WHAT TO WORK ON: The whole listing below should be printed again exactly, with no images.

BEGIN

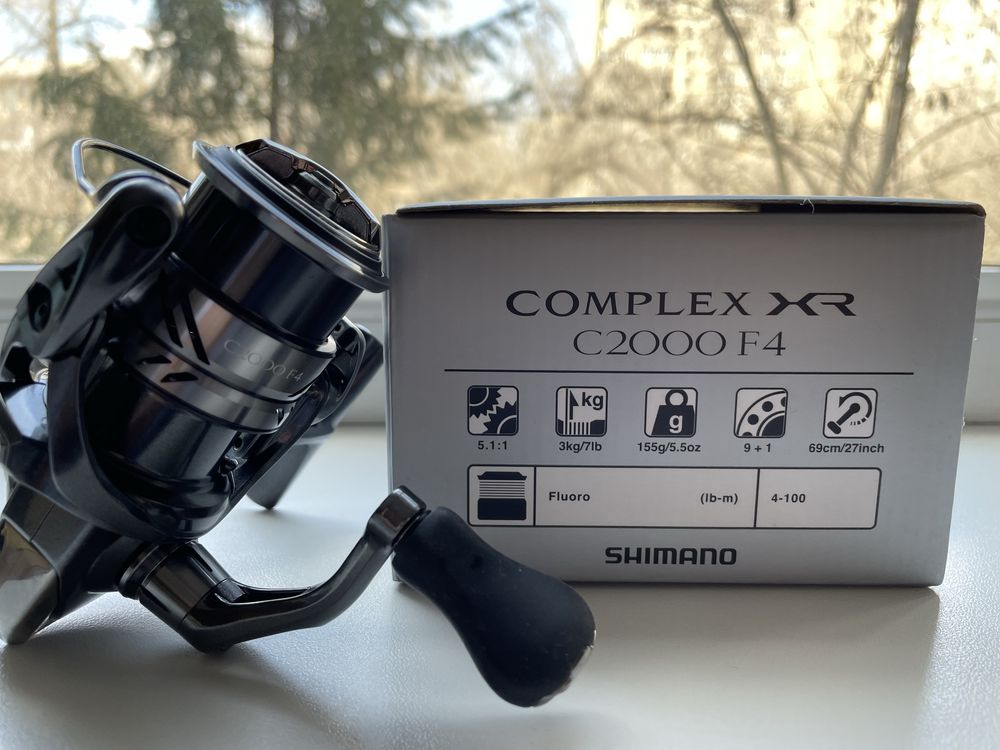 Shimano Complex XR C2000
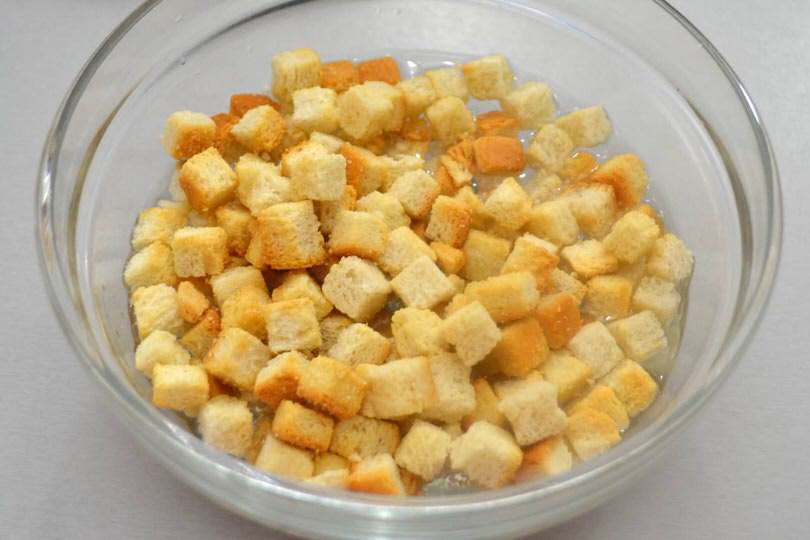 1 spugnare pane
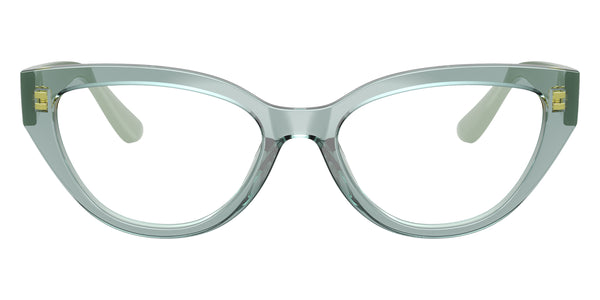 Transparent Green/Full Light Green / 48-16-130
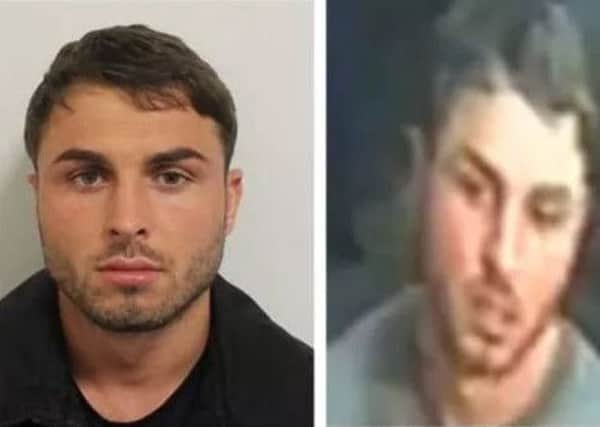 Police are still searching for Arthur Collins (pictured)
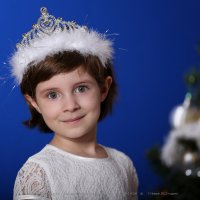 С Новым Годом и Рождеством! :: Детский и семейный фотограф Владимир Кот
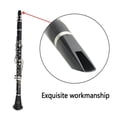 thumbnail image 2 of Bb Clarinet Mouthpiece Kit with Ligature Reed Cap Cushion Replacement Accessorys, 2 of 10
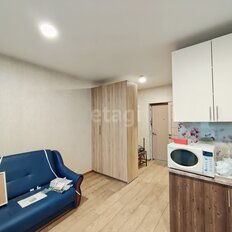 Квартира 21,6 м², студия - изображение 3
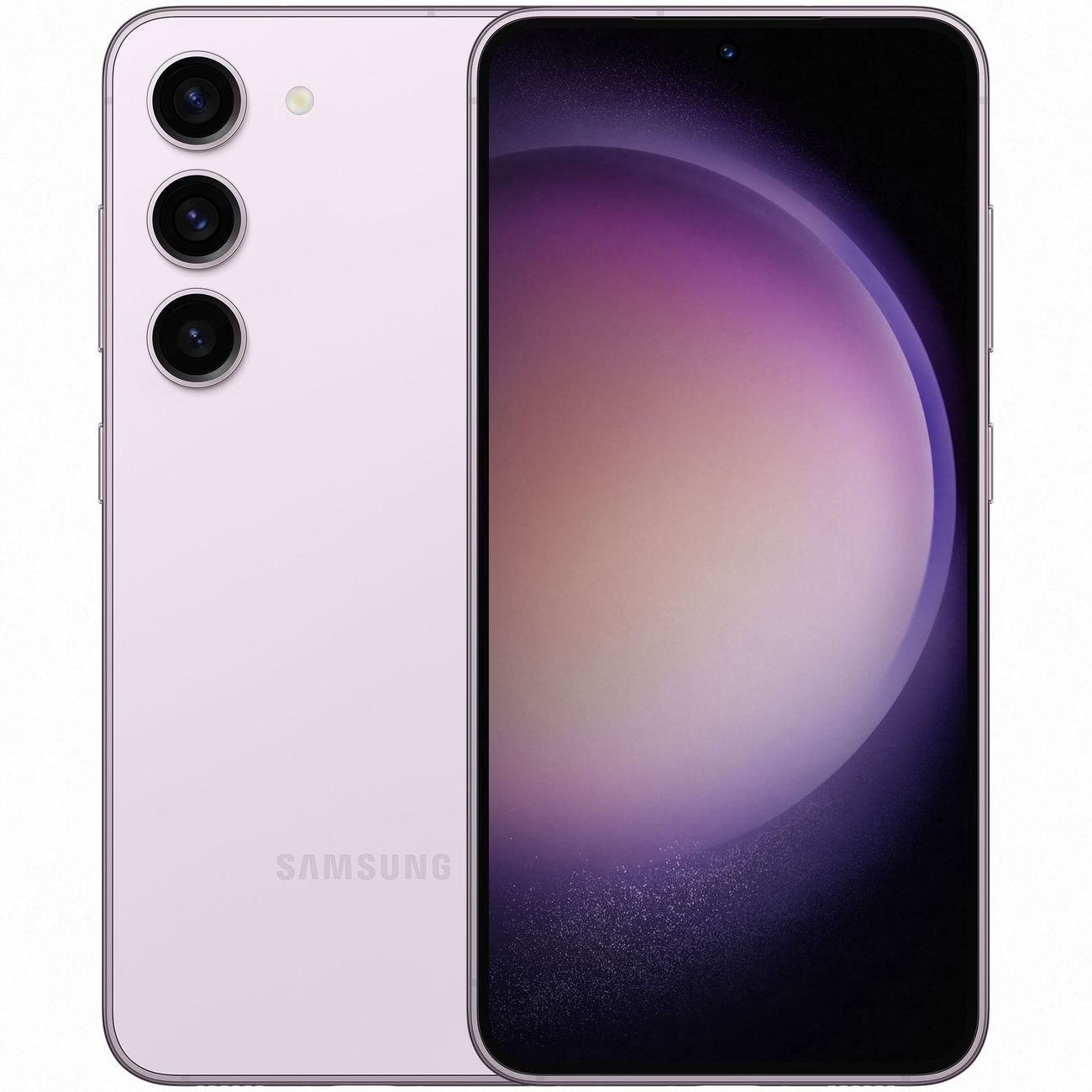 Купить смартфон samsung galaxy s23 8/256gb lavender S-Серия в официальном магазине Apple, Samsung, Xiaomi. iPixel.ru Купить, заказ, кредит, рассрочка, отзывы,  характеристики, цена,  фотографии, в подарок.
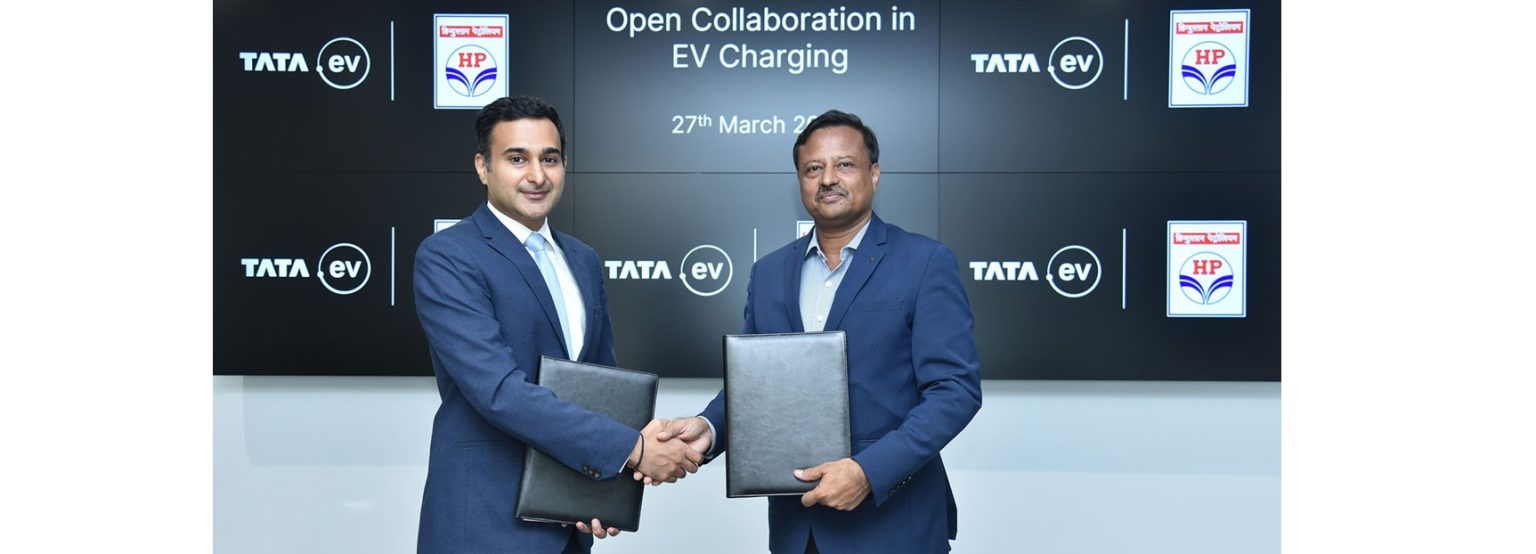 TPEM teams Up with HPCL for public charging stations – Telematics Wire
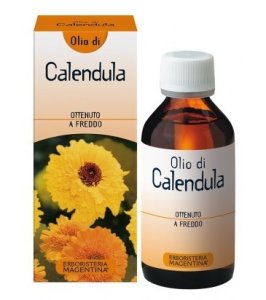 CALENDULA OLIO VEGET 100ML MAGEN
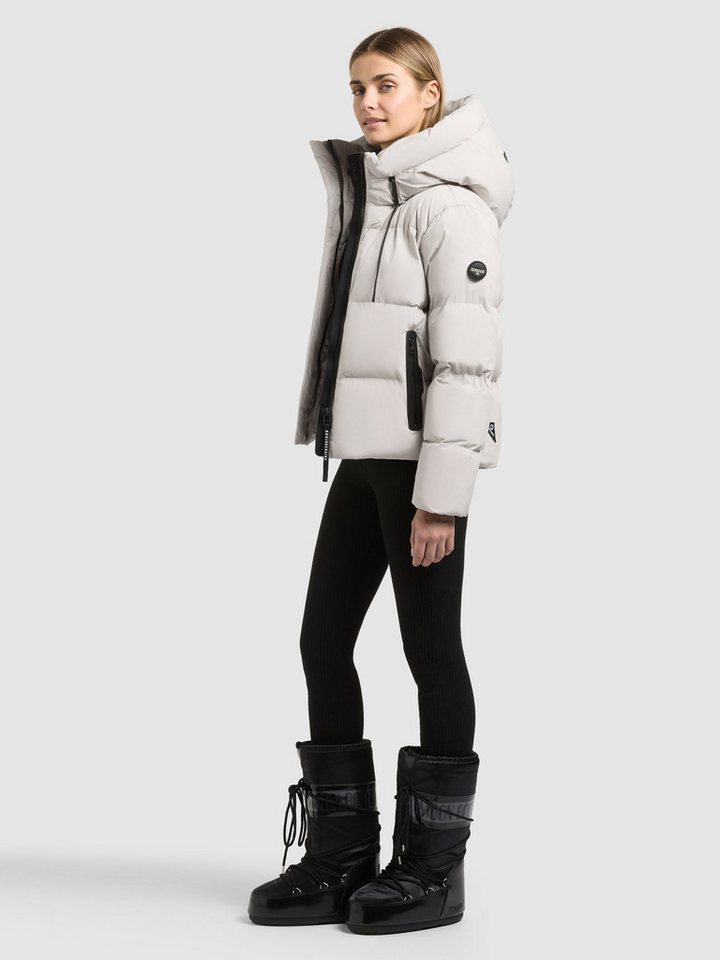 khujo Steppjacke ENITS2 MATT – Bild 3 von 5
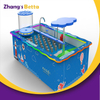 水上玩桌儿童的互动游戏有吸引力室内乐园娱乐设备的儿童厂工厂的水上玩具桌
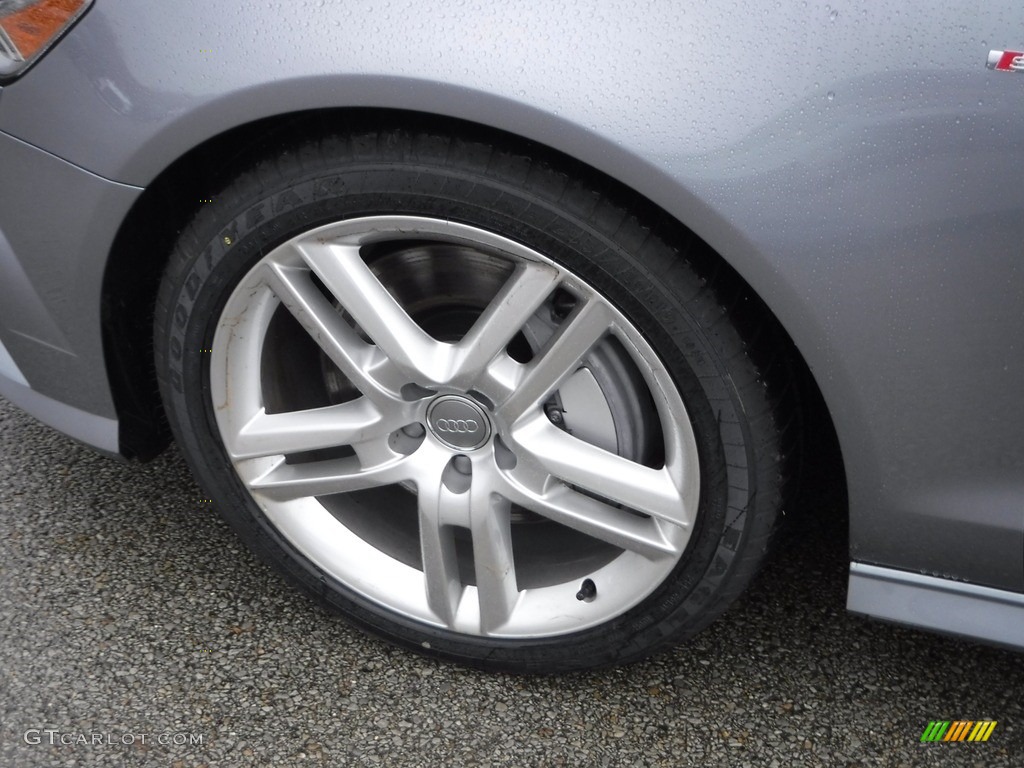 2017 Audi A6 2.0 TFSI Premium quattro Wheel Photo #118055595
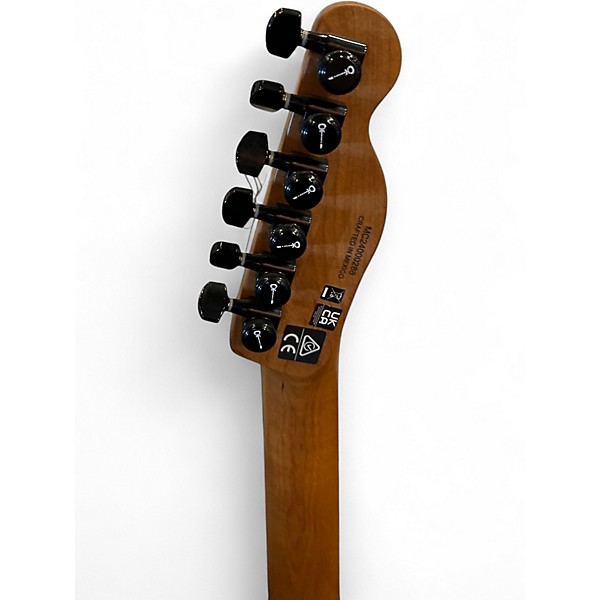 Used Charvel PRO MOD SO CAL STYLE 2 Black Solid Body Electric Guitar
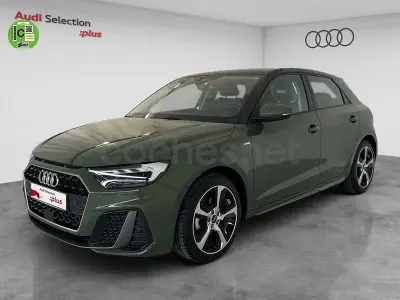 Usado Audi A1 Sportback 150 CV (110 kW) 2025 Verde Utilitario
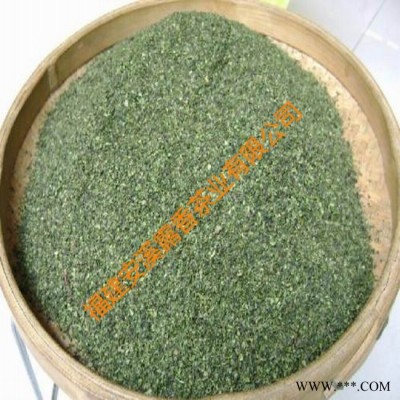 可做茶包产地铁观音茶末 乌龙茶叶沫 茶角干净茶碎茶沫碎茶填充批发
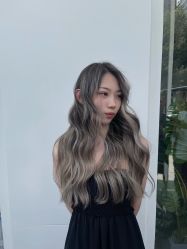 -JGO·烫染接发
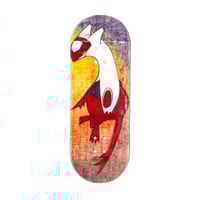 Image 3 of Latias & Latios Pokémon Split Ply - Prickly Mold - 34mm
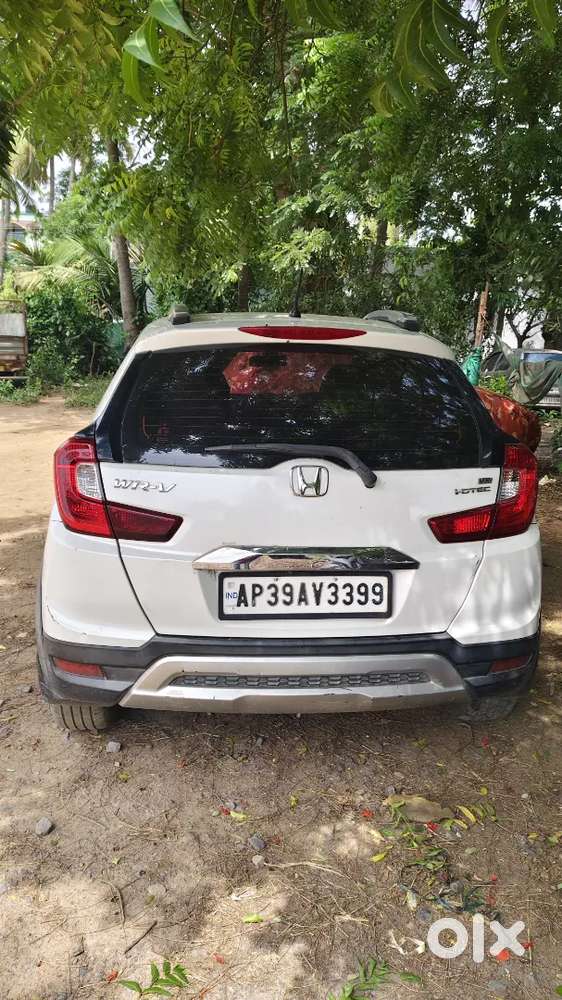 Honda Wrv 2019 Registered Sunroof Diesel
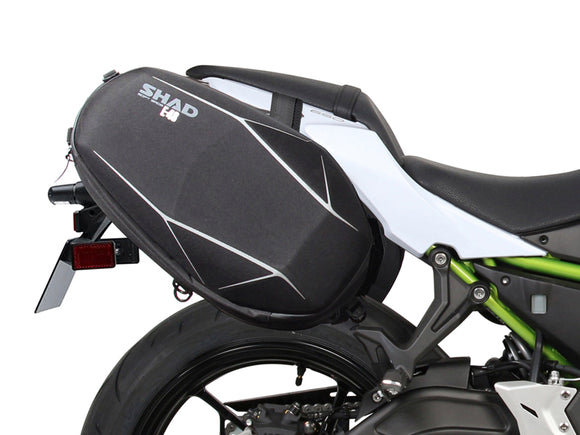 Kawasaki Ninja 650 [SHAD] - Uchwyt na torbę boczną Kawasaki Z650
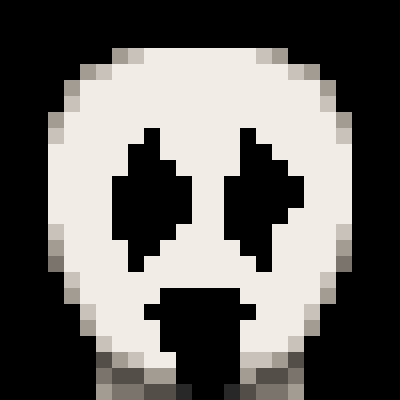 just a music horror pack logo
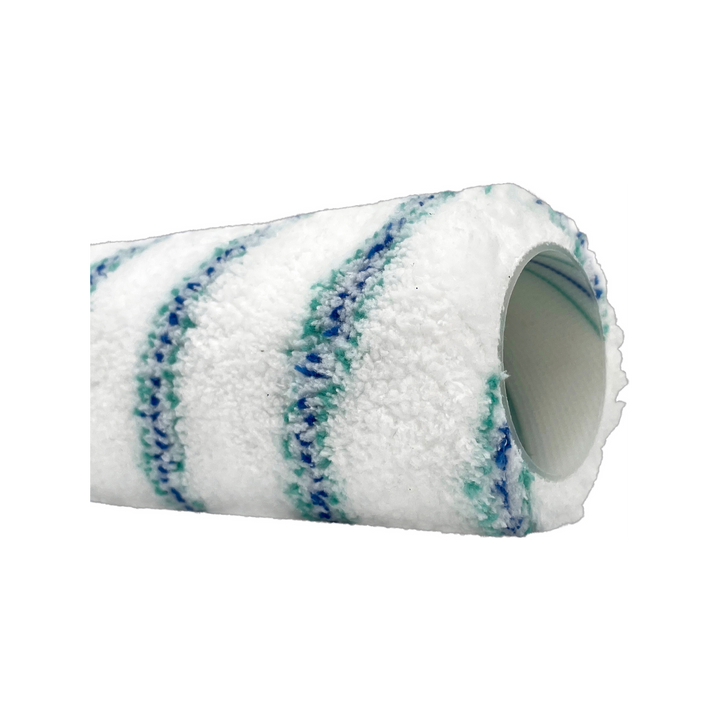 Axus Decor - Pro-Finish Roller, Blue Series (9" / 38mm Core, Long Pile) - Paint Application By Roller Dynamite Hardware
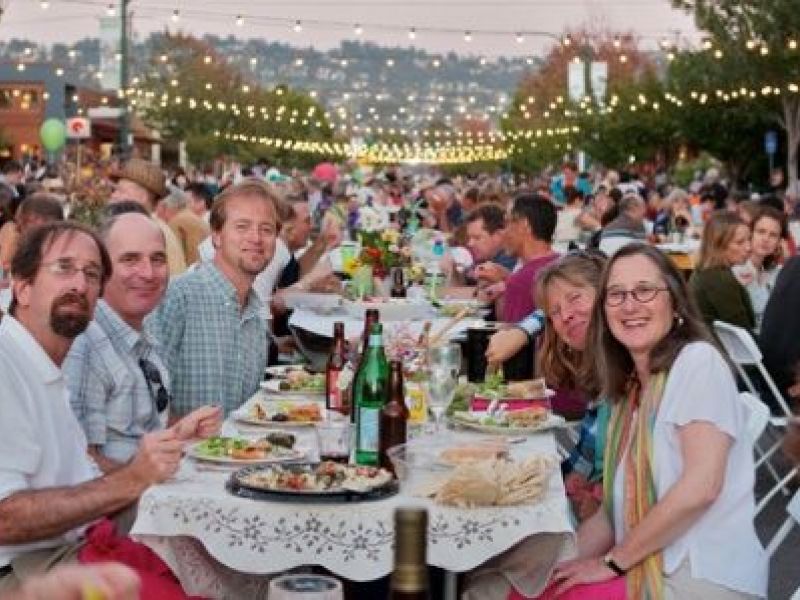 Tickets Going Fast For 'Dinner with Albany' - Patch.com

END

WRITTEN ANSWER:
 Shimano Complex XR C2000
 1 spugnare pane
 Transparent Green/Full Light Green / 48-16-130
 Police are still searching for Arthur Collins (pictured)
 С Новым Годом и Рождеством! :: Детский и семейный фотограф Владимир Кот
 thumbnail image 2 of Bb Clarinet Mouthpiece Kit with Ligature Reed Cap Cushion Replacement Accessorys, 2 of 10
 Квартира 21,6 м², студия - изображение 3
 Купить смартфон samsung galaxy s23 8/256gb lavender S-Серия в официальном магазине Apple, Samsung, Xiaomi. iPixel.ru Купить, заказ, кредит, рассрочка, отзывы,  характеристики, цена,  фотографии, в подарок.
 TPEM teams Up with HPCL for public charging stations – Telematics Wire
 CALENDULA OLIO VEGET 100ML MAGEN
 khujo Steppjacke ENITS2 MATT – Bild 3 von 5
 水上玩桌儿童的互动游戏有吸引力室内乐园娱乐设备的儿童厂工厂的水上玩具桌
 2017 Audi A6 2.0 TFSI Premium quattro Wheel Photo #118055595
 Used Charvel PRO MOD SO CAL STYLE 2 Black Solid Body Electric Guitar
 Usado Audi A1 Sportback 150 CV (110 kW) 2025 Verde Utilitario
 可做茶包产地铁观音茶末 乌龙茶叶沫 茶角干净茶碎茶沫碎茶填充批发
 -JGO·烫染接发
 Image 3 of Latias & Latios Pokémon Split Ply - Prickly Mold - 34mm
 Honda Wrv 2019 Registered Sunroof Diesel
 Kawasaki Ninja 650 [SHAD] - Uchwyt na torbę boczną Kawasaki Z650
 just a music horror pack logo
 Axus Decor - Pro-Finish Roller, Blue Series (9" / 38mm Core, Long Pile) - Paint Application By Roller Dynamite Hardware
 Tickets Going Fast For 'Dinner with Albany' - Patch.com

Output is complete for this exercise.